Add habitat encroachment to the problem of pesticides and now corporate farming owns a stake as well which makes for an even bigger problem.  Overuse of pesticides may over decades start to ameliorate if that abuse stops but giving any land back is extremely unlikely.  Corporate farmers aren't behaving with any more regard for husbandry of the environment than the slash-and-burn natives who are whacking into the Amazon rain forest.

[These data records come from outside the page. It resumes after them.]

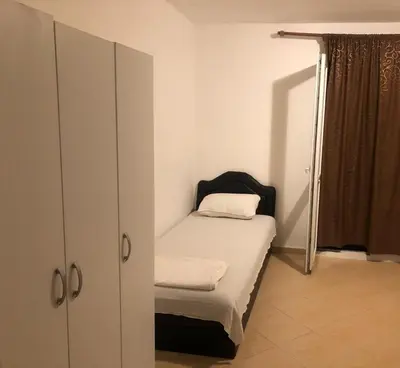 a small bedroom with a bed and a cabinet at Apartmani Čanj in Čanj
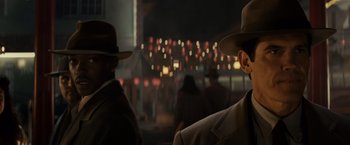 Movie still from “Gangster Squad” (2013), directed by Ruben Fleischer – Two men in suits and hats are standing in front of lights; Close Up shot, Over the shoulder angle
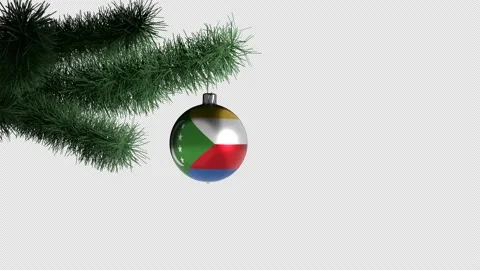New Year's ball with the flag of Comoros on a Christmas tree branch Stockbeeldmateriaal 165487211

We have seen the science from various whizkids who present various ludicrous ideas for fertilizing the crops with robo bees and this is an exact example of Cat's problem with scientists who never leave the lab.  We need Carl Sagan to describe just how many billions and billions of honeybees are out there but maybe even that wouldn't penetrate to the labs making the robo bees.  Believe all you like in robo magic but that ain't goin' get it done.  Quite apart from their slowness and their awkwardness, there's just not enough close to enough of them to have any significant effect.

Ed:  we will make robos to make more robo bees!

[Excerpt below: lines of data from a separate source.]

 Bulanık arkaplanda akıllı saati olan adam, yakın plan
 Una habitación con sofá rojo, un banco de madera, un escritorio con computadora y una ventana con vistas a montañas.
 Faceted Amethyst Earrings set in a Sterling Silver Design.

Shut up.  Go back to your Rubix cube.

Ed:  you make it sound hopeless!

Nothing is hopeless unless you look for a solution from the corporate world.  That mission is to make money rather than to fix problems and they don't deviate from it.

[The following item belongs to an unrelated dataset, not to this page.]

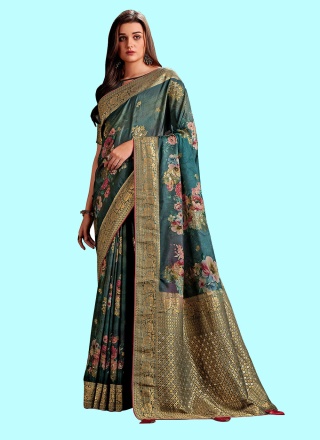 Adorning Teal Weaving Silk Saree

We the People will whack the pesticides just as the same as we did with DDT.  It worked against DDT but extremely slowly and there are still trace effects from it decades later.  As soon as we get the money-for-nothing Republicans out of the way, there can be some progress with that but you can guarantee they will try to block any effort of that nature.  Nevertheless, eventually the pesticides will be banned.

Ed:  or we run out of bees.

See, there's yer threat politics which only annoys people.  We're not going to run out of bees because we will fucking fix the problem.  We need bees a whole lot more than we need selfish corporate clowns.

Rachel Carson may be the single most important name in the campaign against DDT and we miss you, luv.

Note:  Rachel Carson wrote "Silent Spring."